In the listing below, locate the line that contains "Projekt domu L-6689 - przekrój" and the line that contains "Large Log Post Pavilion at Beach". Restate word for word those two lines and every line between them, and nothing else.
Segment Open
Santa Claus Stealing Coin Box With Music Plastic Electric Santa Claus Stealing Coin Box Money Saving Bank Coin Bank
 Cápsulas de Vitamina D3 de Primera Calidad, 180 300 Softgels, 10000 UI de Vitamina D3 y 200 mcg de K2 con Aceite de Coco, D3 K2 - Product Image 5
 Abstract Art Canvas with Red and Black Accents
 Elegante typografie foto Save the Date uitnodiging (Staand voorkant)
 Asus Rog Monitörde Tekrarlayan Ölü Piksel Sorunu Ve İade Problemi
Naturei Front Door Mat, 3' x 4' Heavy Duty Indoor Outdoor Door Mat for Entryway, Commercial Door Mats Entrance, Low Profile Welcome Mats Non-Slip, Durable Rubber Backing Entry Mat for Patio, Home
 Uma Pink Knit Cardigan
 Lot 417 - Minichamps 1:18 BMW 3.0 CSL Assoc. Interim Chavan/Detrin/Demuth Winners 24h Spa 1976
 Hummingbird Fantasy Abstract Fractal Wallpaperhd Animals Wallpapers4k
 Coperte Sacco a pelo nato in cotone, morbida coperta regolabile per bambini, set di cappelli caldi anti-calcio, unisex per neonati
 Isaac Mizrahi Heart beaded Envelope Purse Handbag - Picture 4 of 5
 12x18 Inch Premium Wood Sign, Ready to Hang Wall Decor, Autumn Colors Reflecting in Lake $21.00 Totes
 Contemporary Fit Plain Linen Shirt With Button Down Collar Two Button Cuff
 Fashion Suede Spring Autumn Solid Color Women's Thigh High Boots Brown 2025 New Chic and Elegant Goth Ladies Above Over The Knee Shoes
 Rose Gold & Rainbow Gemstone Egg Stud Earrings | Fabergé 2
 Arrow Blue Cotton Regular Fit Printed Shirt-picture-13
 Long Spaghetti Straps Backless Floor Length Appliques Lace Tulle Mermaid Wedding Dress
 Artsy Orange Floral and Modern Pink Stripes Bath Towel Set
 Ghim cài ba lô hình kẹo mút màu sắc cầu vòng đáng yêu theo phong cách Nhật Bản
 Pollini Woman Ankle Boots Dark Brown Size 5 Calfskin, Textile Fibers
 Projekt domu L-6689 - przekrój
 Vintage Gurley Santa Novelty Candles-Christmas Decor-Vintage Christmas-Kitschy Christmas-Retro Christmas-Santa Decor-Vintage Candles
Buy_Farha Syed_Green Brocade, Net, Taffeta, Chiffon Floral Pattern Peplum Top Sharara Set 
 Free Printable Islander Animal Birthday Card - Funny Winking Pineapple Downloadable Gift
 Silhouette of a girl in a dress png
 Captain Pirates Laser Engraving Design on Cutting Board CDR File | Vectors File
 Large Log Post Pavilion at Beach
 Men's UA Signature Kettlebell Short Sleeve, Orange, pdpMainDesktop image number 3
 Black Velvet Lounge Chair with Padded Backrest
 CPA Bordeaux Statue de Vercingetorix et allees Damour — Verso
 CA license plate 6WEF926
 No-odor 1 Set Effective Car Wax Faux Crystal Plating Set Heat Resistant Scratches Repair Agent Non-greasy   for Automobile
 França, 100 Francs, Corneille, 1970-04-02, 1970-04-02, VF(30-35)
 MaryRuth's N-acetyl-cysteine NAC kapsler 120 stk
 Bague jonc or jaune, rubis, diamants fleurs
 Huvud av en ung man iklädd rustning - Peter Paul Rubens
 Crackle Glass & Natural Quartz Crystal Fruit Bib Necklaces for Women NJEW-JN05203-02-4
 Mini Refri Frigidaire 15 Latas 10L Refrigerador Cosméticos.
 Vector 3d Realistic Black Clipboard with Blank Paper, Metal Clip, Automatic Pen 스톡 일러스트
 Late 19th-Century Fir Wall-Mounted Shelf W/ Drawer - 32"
Segment Closed
> _Written response_
 Projekt domu L-6689 - przekrój
 Vintage Gurley Santa Novelty Candles-Christmas Decor-Vintage Christmas-Kitschy Christmas-Retro Christmas-Santa Decor-Vintage Candles
Buy_Farha Syed_Green Brocade, Net, Taffeta, Chiffon Floral Pattern Peplum Top Sharara Set 
 Free Printable Islander Animal Birthday Card - Funny Winking Pineapple Downloadable Gift
 Silhouette of a girl in a dress png
 Captain Pirates Laser Engraving Design on Cutting Board CDR File | Vectors File
 Large Log Post Pavilion at Beach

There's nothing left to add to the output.